Daggett has also pursued a host of branding partnerships to lure those who might otherwise flip past QVC. In June, QVC introduced the Antiques Road Show collection, an exclusive line of vintage jewelry inspired by the eponymous public-TV program, and in August, Condé Nast's Lucky magazine shipped a special "Lucky Shops QVC" edition to 80,000 viewers who bought subscriptions. Daggett made an appearance last October on The Apprentice, in which the hit TV show's two teams tried to sell products on the air. More recently, in a tie-in with the Bravo reality show Blow Out, celebrity hairdresser Jonathan Antin sold more than 35,000 units of his hair-care line, making his the most successful hair product launch in QVC's history.

Of course, Daggett recognizes that it will take time to shed home shopping's historical baggage.

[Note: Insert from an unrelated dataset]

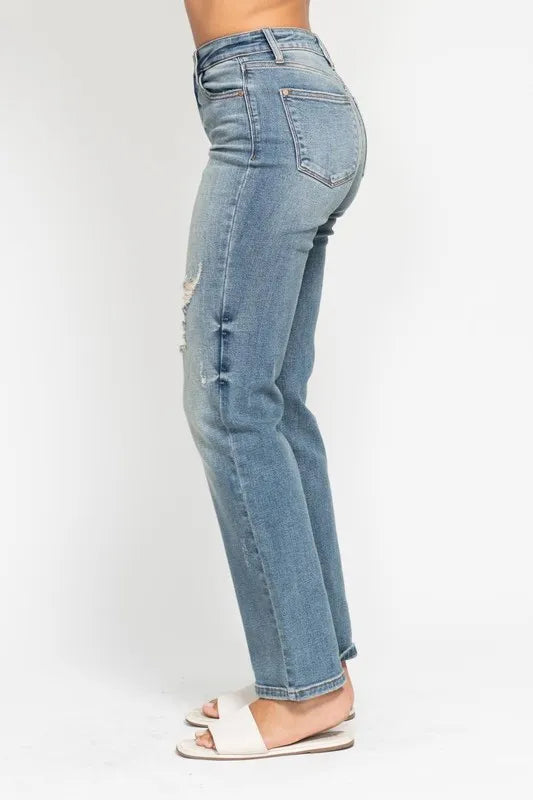 Judy Blue Full Size High Waist Distressed Dad Jean Plus Size Carauana Store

She says the challenge will be to attract new shoppers while not alienating the current clientele. "The last thing we want to do," she says, "is to change the brand and not have our customers travel along with us."

If the live audience for "Decade of Discoveries" is any indication, QVC's loyal fans seem ready for Daggett's ride. As the show ends, 64-year-old Becky Lawson of Newark, Del., pops out of her seat to have her picture taken with any QVC employee she can find. Known to her friends jokingly as the "QVC queen," she says virtually everything she owns--clothes, furniture, cookware--was bought from QVC vendors. "I almost never go to the store anymore except for groceries," she says. "It's entertaining. They're like friends."